#### Your task
Whatever comes before the line containing "Cosyshoe Heren Pantoffels" stays out; transcribe that line and all that follow to the end of the records exactly, with no pictures.

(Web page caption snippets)
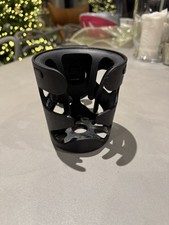 Icandy Peach Drinks Cup Holder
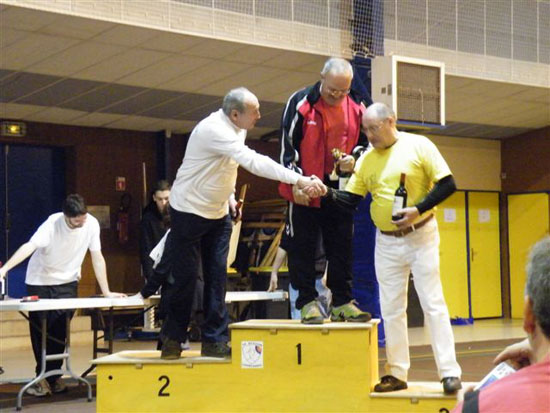 CamblanesSal2011 071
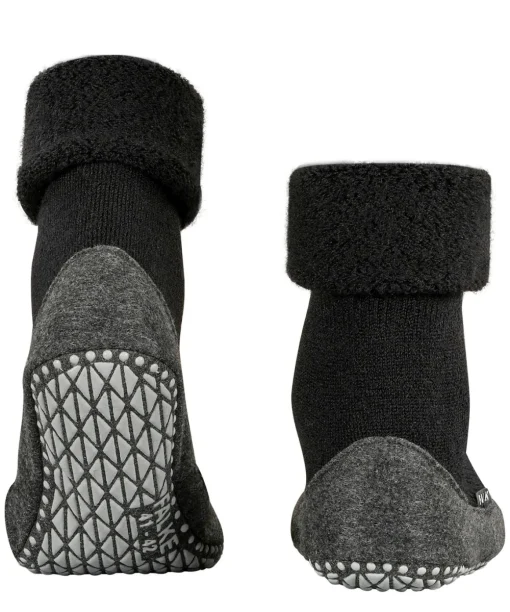 Cosyshoe Heren Pantoffels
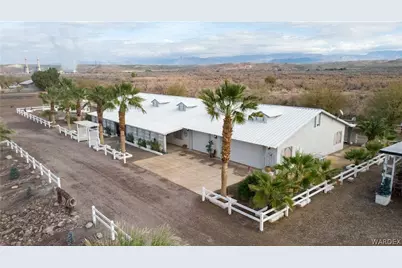 3250/3249 Canal Drive, Mohave Valley, AZ 86440 - Photo 72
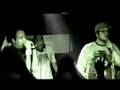 Momentan Rakaa of Dilated Peoples Dare Video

#### Answer to the exercise
 Cosyshoe Heren Pantoffels
 3250/3249 Canal Drive, Mohave Valley, AZ 86440 - Photo 72
 Momentan Rakaa of Dilated Peoples Dare Video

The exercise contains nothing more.